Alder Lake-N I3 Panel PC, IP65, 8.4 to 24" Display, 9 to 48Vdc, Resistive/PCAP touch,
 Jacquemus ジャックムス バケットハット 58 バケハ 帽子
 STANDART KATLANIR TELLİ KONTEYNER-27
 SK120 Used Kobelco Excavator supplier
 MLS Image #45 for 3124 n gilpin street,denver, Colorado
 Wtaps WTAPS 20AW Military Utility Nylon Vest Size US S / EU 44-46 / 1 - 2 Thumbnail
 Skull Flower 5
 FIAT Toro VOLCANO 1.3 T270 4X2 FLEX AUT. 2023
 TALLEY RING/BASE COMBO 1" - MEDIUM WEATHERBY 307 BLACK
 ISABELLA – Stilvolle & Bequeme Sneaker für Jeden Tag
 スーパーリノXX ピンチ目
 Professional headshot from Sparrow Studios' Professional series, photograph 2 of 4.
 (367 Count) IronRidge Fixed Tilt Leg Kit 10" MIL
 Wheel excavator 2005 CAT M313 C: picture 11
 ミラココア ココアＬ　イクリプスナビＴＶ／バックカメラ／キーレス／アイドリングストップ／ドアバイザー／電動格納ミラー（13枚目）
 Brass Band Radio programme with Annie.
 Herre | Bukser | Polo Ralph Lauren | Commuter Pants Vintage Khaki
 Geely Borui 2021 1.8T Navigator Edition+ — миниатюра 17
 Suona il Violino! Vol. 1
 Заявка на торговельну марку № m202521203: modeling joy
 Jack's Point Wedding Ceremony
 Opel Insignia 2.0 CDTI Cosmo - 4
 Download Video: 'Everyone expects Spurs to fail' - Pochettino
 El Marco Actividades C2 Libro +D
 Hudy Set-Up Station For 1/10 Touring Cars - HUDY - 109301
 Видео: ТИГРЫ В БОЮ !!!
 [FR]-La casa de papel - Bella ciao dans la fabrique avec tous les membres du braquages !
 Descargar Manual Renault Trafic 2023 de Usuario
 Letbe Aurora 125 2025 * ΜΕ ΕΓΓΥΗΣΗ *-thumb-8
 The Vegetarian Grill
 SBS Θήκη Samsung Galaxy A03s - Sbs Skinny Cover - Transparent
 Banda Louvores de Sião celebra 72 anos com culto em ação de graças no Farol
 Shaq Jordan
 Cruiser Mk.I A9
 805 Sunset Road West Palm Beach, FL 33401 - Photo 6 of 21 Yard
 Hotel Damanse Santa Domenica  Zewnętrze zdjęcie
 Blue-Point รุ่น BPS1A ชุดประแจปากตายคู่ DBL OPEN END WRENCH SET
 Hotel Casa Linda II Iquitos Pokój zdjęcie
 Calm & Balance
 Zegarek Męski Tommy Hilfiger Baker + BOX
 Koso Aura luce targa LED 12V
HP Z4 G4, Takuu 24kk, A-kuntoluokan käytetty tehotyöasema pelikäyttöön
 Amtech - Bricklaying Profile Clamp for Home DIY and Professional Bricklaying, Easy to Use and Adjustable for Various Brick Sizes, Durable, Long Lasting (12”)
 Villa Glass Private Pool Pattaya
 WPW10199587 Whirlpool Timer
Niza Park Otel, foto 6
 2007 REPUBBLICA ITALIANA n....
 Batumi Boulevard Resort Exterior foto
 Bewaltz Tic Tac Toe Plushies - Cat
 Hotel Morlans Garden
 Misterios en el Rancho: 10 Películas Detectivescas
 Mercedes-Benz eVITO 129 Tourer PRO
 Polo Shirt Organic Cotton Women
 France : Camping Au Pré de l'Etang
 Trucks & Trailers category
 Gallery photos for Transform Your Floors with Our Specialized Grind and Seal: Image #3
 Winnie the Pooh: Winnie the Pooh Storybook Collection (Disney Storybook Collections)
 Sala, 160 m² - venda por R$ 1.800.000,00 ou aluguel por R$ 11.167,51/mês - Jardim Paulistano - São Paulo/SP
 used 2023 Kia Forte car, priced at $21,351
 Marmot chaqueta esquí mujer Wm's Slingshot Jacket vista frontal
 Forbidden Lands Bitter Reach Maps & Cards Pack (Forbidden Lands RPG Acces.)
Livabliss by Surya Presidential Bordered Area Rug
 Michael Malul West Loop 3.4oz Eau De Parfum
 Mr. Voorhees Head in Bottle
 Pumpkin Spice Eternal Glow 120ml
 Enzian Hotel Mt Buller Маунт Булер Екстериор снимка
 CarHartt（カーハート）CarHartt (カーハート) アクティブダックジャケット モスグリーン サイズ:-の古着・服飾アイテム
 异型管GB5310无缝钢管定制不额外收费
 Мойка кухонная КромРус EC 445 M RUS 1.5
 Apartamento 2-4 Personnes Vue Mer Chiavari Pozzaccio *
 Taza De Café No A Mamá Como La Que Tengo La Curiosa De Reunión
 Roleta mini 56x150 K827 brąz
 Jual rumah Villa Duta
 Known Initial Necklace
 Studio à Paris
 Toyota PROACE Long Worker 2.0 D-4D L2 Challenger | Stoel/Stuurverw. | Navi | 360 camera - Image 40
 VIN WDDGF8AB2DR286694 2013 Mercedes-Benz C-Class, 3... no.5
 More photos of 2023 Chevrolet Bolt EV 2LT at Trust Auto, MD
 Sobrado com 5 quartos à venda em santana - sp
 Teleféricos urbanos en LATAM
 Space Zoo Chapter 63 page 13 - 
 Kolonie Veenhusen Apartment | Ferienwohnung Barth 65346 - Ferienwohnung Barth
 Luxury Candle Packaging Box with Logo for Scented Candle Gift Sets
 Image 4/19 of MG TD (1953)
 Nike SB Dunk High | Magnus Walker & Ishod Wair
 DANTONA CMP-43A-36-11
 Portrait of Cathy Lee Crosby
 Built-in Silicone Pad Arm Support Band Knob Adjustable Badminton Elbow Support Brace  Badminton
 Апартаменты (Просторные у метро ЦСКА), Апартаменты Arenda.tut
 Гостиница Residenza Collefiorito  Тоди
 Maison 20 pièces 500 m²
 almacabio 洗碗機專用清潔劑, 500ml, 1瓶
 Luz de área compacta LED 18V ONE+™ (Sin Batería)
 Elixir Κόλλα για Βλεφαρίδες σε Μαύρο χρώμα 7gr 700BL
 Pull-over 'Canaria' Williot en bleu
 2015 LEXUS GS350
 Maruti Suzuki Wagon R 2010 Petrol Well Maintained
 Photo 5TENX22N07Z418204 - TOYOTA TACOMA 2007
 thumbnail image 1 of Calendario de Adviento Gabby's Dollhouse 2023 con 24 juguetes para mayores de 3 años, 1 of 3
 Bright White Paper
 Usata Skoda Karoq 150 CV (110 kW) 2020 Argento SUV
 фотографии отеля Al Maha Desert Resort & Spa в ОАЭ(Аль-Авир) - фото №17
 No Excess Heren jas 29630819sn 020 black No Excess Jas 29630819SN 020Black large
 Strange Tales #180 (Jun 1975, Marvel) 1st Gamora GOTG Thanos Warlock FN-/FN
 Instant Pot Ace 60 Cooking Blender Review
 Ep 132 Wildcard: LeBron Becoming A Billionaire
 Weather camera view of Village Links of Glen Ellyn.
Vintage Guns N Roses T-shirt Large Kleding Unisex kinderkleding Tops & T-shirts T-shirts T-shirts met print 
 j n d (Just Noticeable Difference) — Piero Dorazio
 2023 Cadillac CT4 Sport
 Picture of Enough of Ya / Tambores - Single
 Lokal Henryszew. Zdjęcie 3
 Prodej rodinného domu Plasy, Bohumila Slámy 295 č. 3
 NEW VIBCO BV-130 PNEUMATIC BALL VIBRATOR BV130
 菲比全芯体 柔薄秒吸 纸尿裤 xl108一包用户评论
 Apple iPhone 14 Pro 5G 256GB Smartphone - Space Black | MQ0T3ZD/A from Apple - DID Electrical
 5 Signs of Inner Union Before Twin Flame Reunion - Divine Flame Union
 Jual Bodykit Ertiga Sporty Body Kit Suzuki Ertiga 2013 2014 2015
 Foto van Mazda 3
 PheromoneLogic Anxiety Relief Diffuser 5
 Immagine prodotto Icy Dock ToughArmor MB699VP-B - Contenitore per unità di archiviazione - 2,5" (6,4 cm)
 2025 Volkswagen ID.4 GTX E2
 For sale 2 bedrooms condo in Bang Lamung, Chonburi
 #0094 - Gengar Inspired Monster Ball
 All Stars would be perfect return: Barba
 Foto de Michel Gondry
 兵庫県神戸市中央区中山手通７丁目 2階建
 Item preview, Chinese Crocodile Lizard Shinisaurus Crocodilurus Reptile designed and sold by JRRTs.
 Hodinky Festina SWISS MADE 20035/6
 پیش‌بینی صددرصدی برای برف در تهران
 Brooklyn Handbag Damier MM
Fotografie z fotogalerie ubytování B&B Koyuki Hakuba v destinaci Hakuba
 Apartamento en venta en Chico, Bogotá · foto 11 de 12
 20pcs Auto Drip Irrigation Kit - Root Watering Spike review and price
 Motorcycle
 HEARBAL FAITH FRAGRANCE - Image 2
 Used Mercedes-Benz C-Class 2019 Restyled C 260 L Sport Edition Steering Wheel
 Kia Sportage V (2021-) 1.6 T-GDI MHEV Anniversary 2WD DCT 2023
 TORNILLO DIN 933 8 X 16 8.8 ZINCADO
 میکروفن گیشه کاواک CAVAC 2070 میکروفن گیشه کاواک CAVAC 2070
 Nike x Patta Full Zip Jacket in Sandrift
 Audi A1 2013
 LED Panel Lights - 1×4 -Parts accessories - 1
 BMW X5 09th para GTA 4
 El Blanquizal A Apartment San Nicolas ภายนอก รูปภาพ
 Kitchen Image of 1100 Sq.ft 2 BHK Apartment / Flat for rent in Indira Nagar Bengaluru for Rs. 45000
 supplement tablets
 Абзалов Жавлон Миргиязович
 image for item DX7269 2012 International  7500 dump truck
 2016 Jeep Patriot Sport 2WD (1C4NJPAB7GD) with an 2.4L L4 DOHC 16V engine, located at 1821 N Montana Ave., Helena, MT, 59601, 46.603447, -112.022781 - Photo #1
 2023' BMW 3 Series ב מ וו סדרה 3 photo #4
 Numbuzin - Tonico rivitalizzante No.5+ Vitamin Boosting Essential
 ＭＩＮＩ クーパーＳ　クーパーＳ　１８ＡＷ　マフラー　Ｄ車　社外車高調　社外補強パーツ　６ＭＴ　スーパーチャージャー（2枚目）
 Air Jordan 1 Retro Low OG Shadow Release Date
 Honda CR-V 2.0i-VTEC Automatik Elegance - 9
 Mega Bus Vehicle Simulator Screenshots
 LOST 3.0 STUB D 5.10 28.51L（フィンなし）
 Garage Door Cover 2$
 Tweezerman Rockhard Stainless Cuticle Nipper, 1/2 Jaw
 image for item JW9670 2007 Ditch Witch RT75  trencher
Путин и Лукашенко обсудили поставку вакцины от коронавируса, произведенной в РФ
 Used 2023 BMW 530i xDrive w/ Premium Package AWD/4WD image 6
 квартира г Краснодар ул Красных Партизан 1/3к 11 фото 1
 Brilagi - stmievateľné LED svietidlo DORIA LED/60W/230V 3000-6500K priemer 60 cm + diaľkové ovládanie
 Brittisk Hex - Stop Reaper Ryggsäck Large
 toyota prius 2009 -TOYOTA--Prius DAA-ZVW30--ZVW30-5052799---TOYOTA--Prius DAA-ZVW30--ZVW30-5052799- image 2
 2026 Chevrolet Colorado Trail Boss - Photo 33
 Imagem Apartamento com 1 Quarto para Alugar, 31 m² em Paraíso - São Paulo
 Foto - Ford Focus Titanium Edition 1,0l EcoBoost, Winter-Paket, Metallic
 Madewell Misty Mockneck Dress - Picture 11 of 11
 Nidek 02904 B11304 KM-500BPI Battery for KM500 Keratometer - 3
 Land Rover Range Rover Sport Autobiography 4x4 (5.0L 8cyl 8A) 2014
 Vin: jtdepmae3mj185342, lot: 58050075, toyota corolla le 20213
---------------
▶ **Description of the task**: If a line of the data above holds the string "Colorado", count it, then give only the final number.

▶ **Answer for the task**: 2